EXERCISE OBJECTIVE: A faithful copy is needed of the lines below from the one with "Deck Sneaker With Studs in Black Leather" up to and including the one with "property_interior2_filename"; set it down with no pictures and no other lines.

DATA SHOWN:
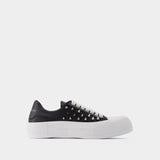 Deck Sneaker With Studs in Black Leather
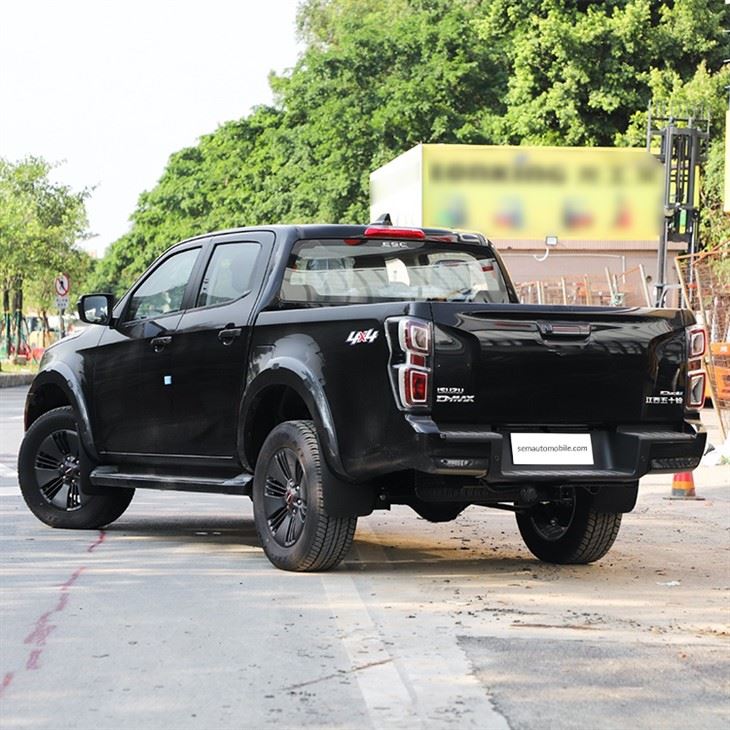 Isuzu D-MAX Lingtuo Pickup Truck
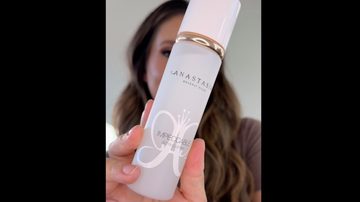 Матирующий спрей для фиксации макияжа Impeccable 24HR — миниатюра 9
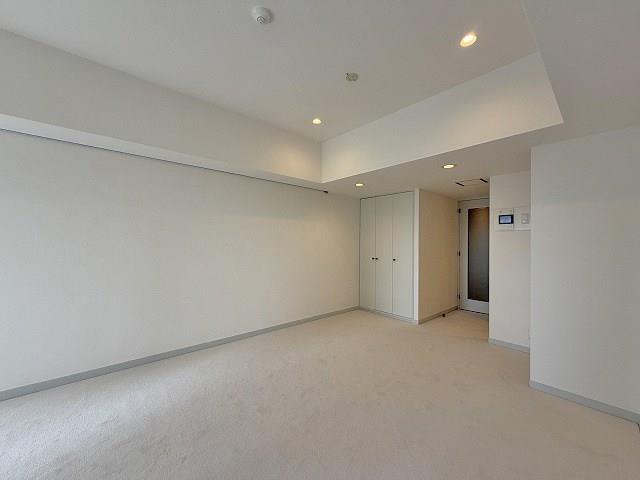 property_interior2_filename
...
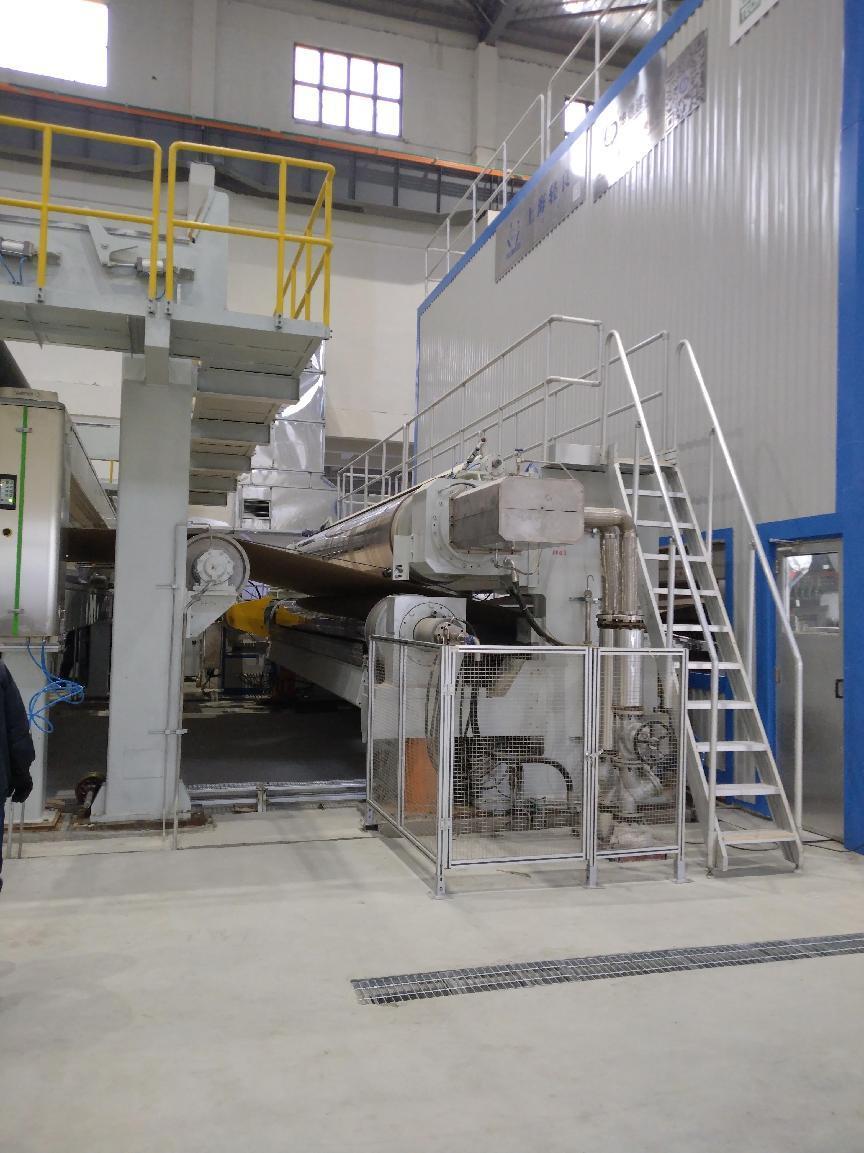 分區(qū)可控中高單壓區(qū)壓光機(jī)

OUTPUT BELOW:
 Deck Sneaker With Studs in Black Leather
 Isuzu D-MAX Lingtuo Pickup Truck
 Матирующий спрей для фиксации макияжа Impeccable 24HR — миниатюра 9
 property_interior2_filename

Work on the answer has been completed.